- [Instructions to follow]:
Each entry below needs to be transcribed verbatim; the images should not appear.

==========

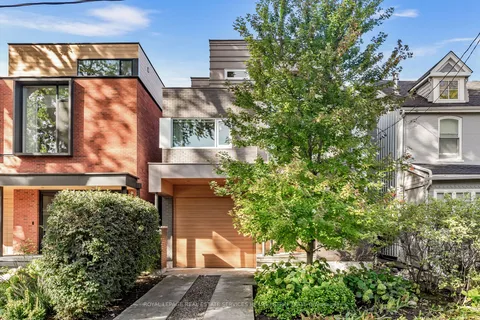 102 Robert St, Toronto, ON M5S 2K3
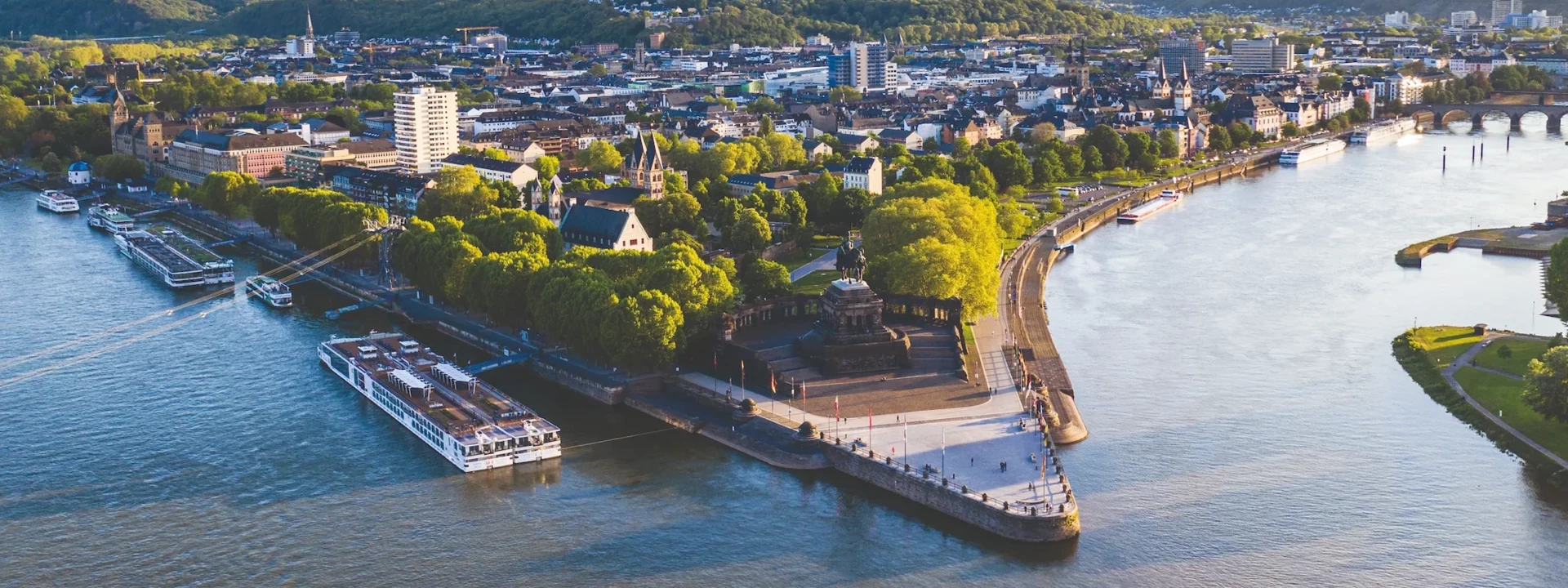 Luftaufnahme Deutsches Eck Koblenz © Koblenz-Touristik GmbH, Dominik Ketz Luftaufnahme vom Deutschen Eck in Koblenz mit der Seilbahn, dem Rhein, der Mosel und Schiffen im Vordergrund © Koblenz-Touristik GmbH, Dominik Ketz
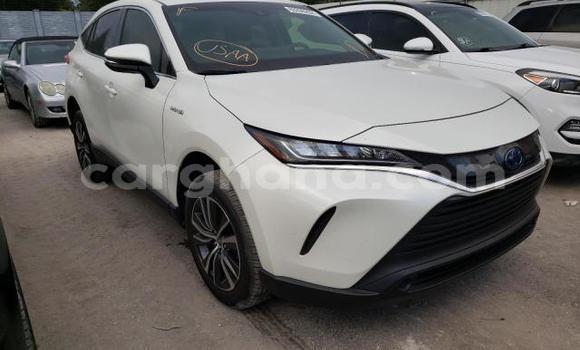 Ra Àlòkù Toyota Venza funfun Ọkọ̀ in Accra ni Greater Accra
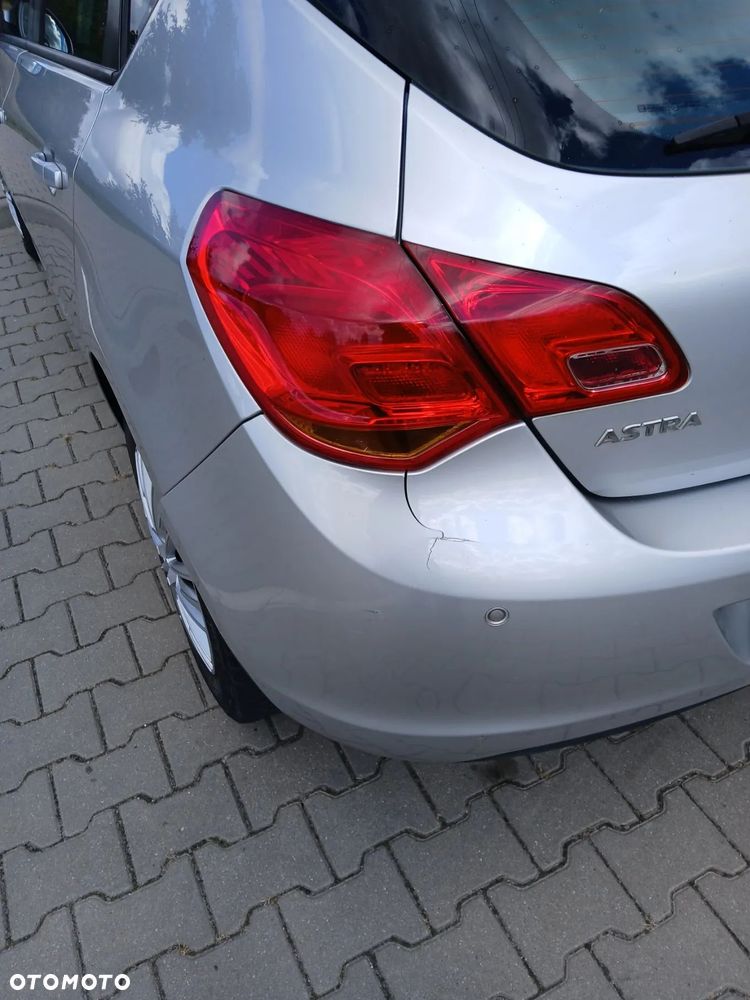 Opel Astra - 37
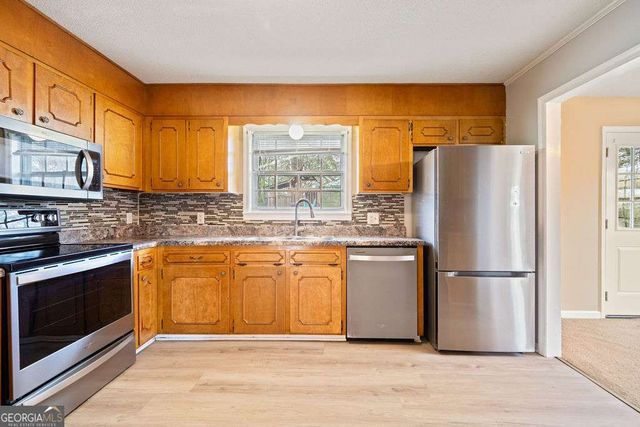 111 Edgewood Circle, Fort Oglethorpe, GA 30742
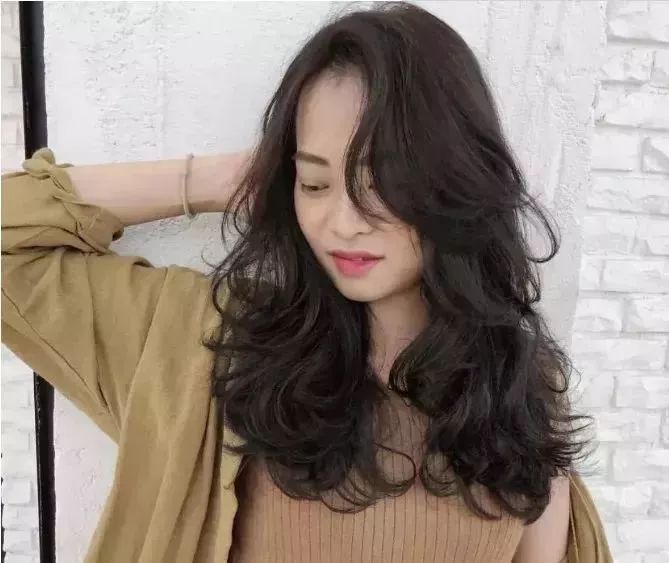 最新女生烫发发型大盘点,时尚变迁中的多样选择与潮流解析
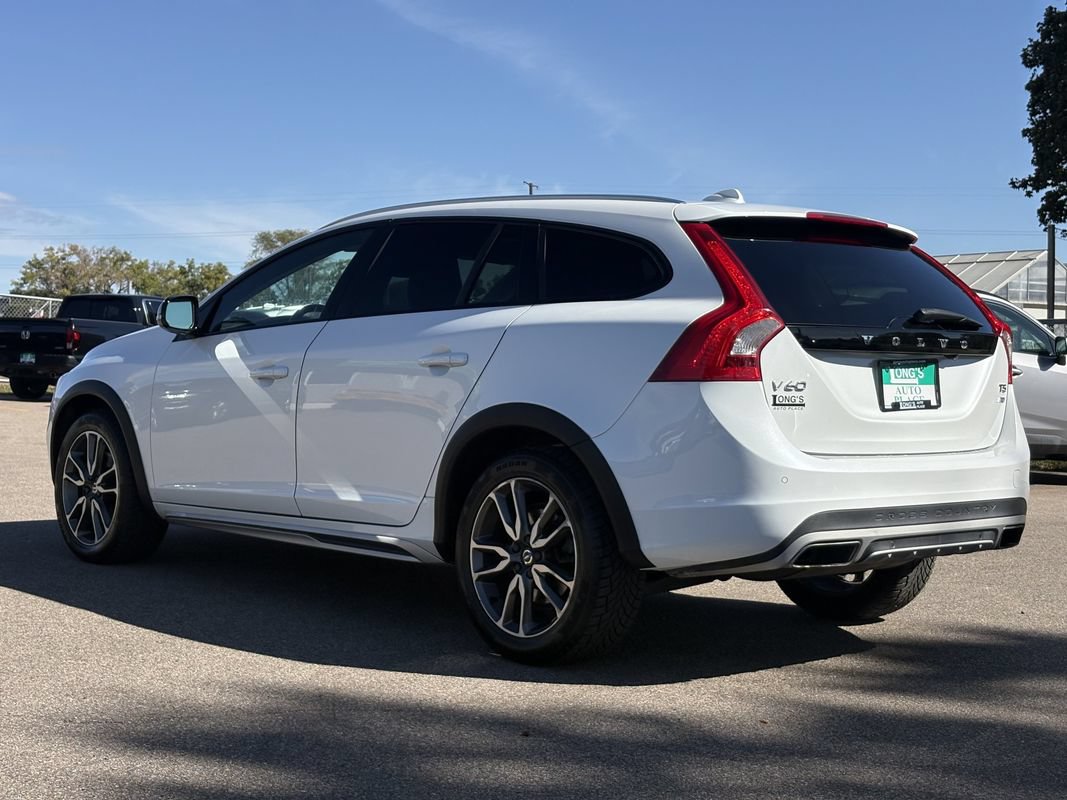 Used 2017 Volvo V60 T5 Cross Country w/ Convenience Package AWD/4WD image 6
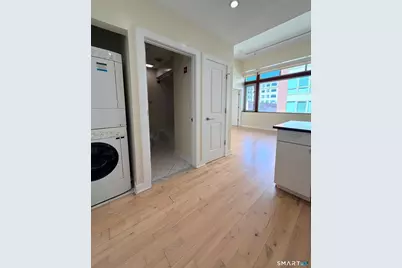 804 Chapel Street #302, New Haven, CT 06510 - Photo 4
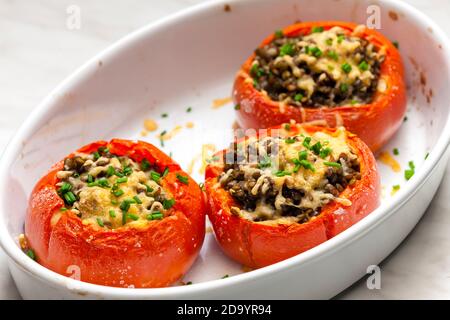 Gebackene Tomaten mit Linsen Stockfoto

==========

- [Your solution]:
 102 Robert St, Toronto, ON M5S 2K3
 Luftaufnahme Deutsches Eck Koblenz © Koblenz-Touristik GmbH, Dominik Ketz Luftaufnahme vom Deutschen Eck in Koblenz mit der Seilbahn, dem Rhein, der Mosel und Schiffen im Vordergrund © Koblenz-Touristik GmbH, Dominik Ketz
 Ra Àlòkù Toyota Venza funfun Ọkọ̀ in Accra ni Greater Accra
 Opel Astra - 37
 111 Edgewood Circle, Fort Oglethorpe, GA 30742
 最新女生烫发发型大盘点,时尚变迁中的多样选择与潮流解析
 Used 2017 Volvo V60 T5 Cross Country w/ Convenience Package AWD/4WD image 6
 804 Chapel Street #302, New Haven, CT 06510 - Photo 4
 Gebackene Tomaten mit Linsen Stockfoto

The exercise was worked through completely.